IDI started as a merchant-build model, meaning the firm built industrial property, leased it and sold it. The Atlanta-based company originally wouldn’t hold buildings on a balance sheet for long, according to senior vice president Kurt Nelson. In the past seven years, IDI has started to hold more buildings longer.

The firm now sells about half of its developed properties, keeping the other half on its own balance sheet or through a joint venture.

“It comes down to more of managing our finances and our balance sheet and having the assets we want to have,” Nelson says.

A lot of sales activity is driven by what institutional investors are willing to pay versus the cost for a local group to develop a building, according to Mullis.

“The institutional guys are willing to take less than a guy who risks his own money for it,” Mullis says.

Larger companies are sometimes more willing to take a lower capitalization rate and charge less for rent.

Tenants don’t really care who owns the building and if they can rent space for less than the local guy, they often do it.

“Farnsworth has been fighting this battle since the big guys came to town,” Mullis says.

Local companies like Farnsworth would like to buy more industrial property, but are also hampered by stagnant rents in the Memphis market. That said, there are still several institutional buyers circling the market, often looking for more than one property.
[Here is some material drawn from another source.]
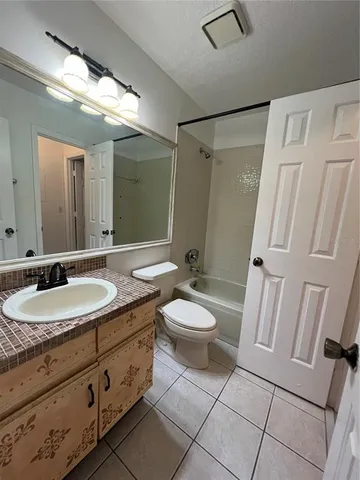 a bathroom with a double vanity sink toilet and shower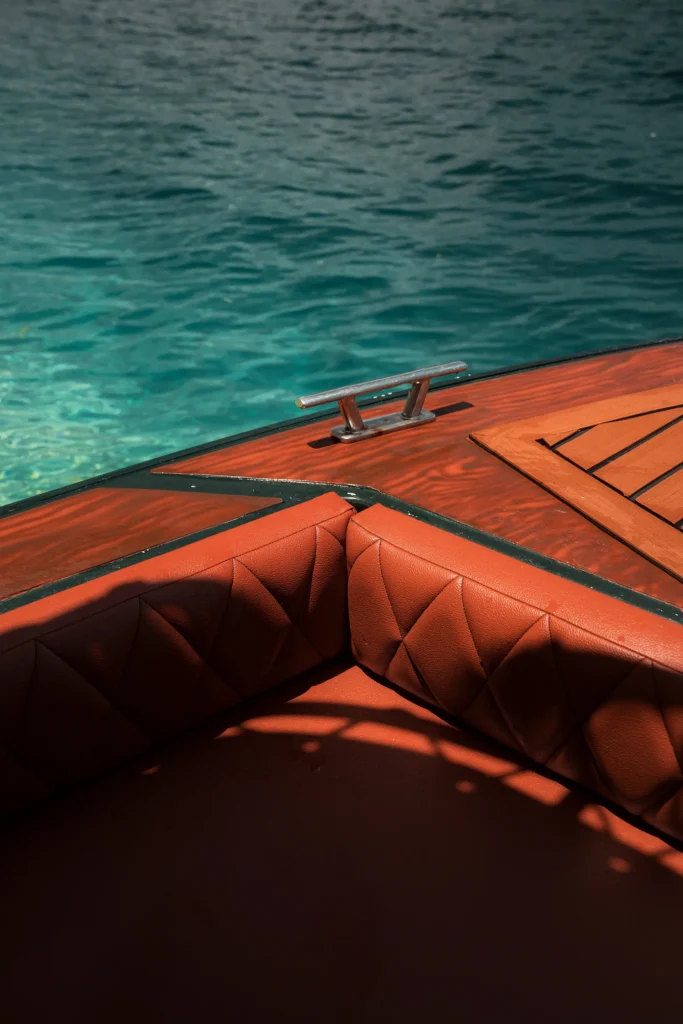 Detail vertical shot of the premium tan leather corner seat and wooden deck of a Yohak speedboat in El Nido, Palawan.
Mullis says there are still a good amount of people interested in buying portfolios, possibly betting on rent increases or just looking for a stable return.

Hillwood Investment Properties acquired a 556,000-square-foot warehouse in Airways Distribution Center in Southaven this year as part of an overall portfolio purchase which spanned five markets.

Many of the companies looking to buy industrial real estate, locally or nationally, are thinking of slow and steady investments, according to Nelson.

“I think there is a lot of appetite on the buying side from pension funds and other institutional kinds of buyers,” he says.

It’s slowly getting back to pre-2008 levels, when activity was robust. After investors ran to the sidelines, capital dried up. The comeback has been slow.

“People weren’t going to sell property at a loss just because in the short term the underwriting and the market values had decreased,” Nelson says. “So I think capital came back to the market and so transaction volume started coming back in 2011 and 2012. That’s been the case everywhere across the country.”

Nelson expects more of the same this year. Moves by the Federal Reserve to lower interest rates will continue to spark investment in real estate, he says.

“As you move out of treasuries and government securities, you hit Class A core real estate pretty quickly as far as relatively low risk, especially for those who need to create income as opposed to buying stock they can sell in 10 years.”